YOUR GOAL: Using the records below, write out only the lines from the line containing "吉尔奥多获得自由身 RB莱比锡同意放行迎接新挑战" up to and including the line containing "Söt Havet Ser", exactly, with no pictures.
Start of EXTRACTED DATA
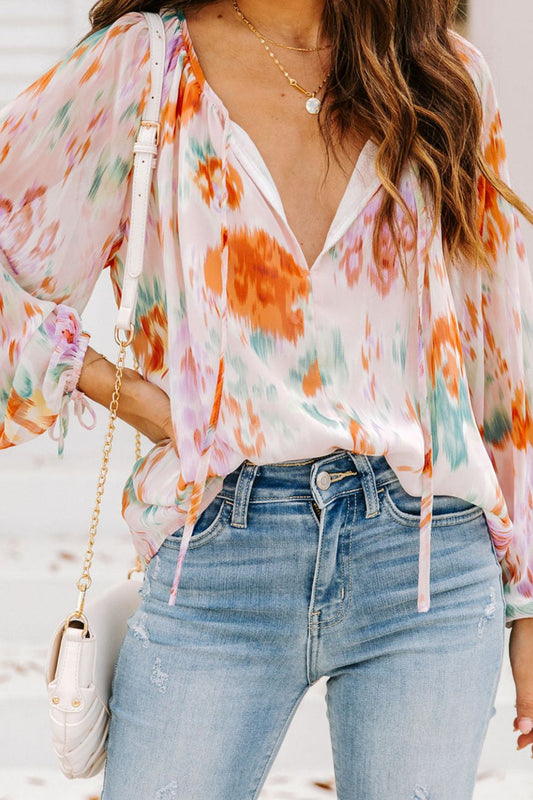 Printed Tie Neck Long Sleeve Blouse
End of EXTRACTED DATA
Start of EXTRACTED DATA
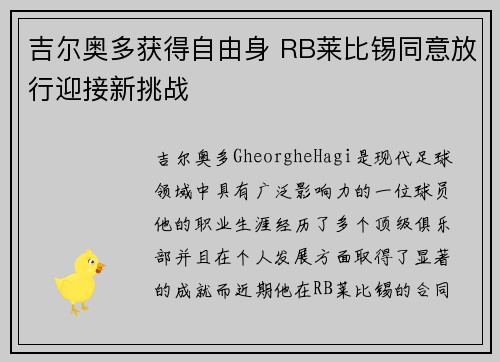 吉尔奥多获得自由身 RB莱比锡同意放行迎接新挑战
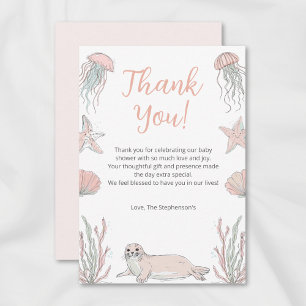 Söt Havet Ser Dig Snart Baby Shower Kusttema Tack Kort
End of EXTRACTED DATA
WRITTEN SOLUTION:
 吉尔奥多获得自由身 RB莱比锡同意放行迎接新挑战
 Söt Havet Ser Dig Snart Baby Shower Kusttema Tack Kort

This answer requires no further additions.